THE PROBLEM: Please count how many lines below contain the word "showing" and reply with only that number.

Dataset records:
.....
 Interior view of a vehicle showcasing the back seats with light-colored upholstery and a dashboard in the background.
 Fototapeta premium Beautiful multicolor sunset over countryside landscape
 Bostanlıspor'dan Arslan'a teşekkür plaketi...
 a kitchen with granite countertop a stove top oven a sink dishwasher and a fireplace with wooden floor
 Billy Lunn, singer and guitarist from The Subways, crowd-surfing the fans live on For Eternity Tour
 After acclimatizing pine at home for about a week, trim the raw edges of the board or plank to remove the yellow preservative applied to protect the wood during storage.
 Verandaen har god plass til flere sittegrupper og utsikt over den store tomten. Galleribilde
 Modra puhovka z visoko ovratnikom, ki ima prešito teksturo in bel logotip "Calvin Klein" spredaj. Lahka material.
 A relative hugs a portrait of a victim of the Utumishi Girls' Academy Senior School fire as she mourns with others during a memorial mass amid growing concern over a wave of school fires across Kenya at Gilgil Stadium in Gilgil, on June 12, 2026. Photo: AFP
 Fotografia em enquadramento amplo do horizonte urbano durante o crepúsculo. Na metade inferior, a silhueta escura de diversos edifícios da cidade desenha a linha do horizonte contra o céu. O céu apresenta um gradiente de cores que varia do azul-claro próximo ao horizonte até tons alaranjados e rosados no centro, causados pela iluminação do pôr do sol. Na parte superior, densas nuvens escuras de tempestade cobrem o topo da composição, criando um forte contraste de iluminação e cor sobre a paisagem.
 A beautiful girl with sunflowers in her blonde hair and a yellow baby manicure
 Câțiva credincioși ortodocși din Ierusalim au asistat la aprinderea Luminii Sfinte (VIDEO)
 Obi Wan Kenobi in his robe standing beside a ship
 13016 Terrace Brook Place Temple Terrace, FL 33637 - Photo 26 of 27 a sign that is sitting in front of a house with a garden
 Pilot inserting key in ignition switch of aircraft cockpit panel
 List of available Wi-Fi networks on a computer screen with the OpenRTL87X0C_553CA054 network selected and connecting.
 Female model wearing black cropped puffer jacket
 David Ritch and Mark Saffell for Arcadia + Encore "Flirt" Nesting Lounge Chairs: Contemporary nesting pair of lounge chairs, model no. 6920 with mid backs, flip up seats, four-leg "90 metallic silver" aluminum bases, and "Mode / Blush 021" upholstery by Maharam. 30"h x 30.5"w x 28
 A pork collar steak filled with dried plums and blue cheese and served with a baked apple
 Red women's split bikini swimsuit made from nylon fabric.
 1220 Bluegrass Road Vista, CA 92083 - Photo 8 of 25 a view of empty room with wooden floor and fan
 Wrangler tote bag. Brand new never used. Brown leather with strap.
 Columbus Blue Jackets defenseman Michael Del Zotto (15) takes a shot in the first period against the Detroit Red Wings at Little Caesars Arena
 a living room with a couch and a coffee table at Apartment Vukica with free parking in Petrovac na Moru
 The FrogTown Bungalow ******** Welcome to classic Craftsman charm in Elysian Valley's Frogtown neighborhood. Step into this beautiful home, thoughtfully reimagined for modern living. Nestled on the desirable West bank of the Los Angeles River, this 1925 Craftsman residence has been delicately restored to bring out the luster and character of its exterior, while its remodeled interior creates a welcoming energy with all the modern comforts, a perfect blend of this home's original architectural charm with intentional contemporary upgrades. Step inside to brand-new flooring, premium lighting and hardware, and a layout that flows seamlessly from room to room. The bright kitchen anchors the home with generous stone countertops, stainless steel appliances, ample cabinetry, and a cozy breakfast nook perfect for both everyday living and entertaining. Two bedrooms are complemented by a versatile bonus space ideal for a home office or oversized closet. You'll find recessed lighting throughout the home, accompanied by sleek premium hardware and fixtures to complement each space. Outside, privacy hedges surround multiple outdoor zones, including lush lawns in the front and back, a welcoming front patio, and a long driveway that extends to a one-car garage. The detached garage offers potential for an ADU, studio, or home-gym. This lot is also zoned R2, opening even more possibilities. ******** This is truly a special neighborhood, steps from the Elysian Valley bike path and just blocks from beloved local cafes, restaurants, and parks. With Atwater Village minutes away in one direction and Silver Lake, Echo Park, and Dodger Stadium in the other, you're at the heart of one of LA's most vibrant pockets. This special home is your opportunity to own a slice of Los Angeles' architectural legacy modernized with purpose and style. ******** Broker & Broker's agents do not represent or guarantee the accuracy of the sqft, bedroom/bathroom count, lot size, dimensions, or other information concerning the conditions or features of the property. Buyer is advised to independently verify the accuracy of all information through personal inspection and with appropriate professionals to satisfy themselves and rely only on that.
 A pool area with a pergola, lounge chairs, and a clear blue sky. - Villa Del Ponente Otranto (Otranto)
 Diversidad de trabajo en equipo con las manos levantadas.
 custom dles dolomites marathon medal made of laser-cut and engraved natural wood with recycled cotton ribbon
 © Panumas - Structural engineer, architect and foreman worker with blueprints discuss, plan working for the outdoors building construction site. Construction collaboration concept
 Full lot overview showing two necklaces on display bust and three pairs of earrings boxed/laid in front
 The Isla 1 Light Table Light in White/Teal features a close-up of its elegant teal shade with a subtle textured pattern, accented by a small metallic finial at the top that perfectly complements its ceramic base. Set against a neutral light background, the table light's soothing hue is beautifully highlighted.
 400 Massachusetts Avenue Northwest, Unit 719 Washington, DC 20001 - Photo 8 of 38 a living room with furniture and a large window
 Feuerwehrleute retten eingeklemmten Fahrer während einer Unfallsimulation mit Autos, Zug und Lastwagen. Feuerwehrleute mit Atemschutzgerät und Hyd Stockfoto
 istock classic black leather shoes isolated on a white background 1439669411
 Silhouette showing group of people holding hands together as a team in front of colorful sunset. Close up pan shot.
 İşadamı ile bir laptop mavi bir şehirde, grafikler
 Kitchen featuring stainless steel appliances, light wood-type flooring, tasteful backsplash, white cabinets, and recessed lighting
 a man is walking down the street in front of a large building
.....
ANSWER SECTION: 2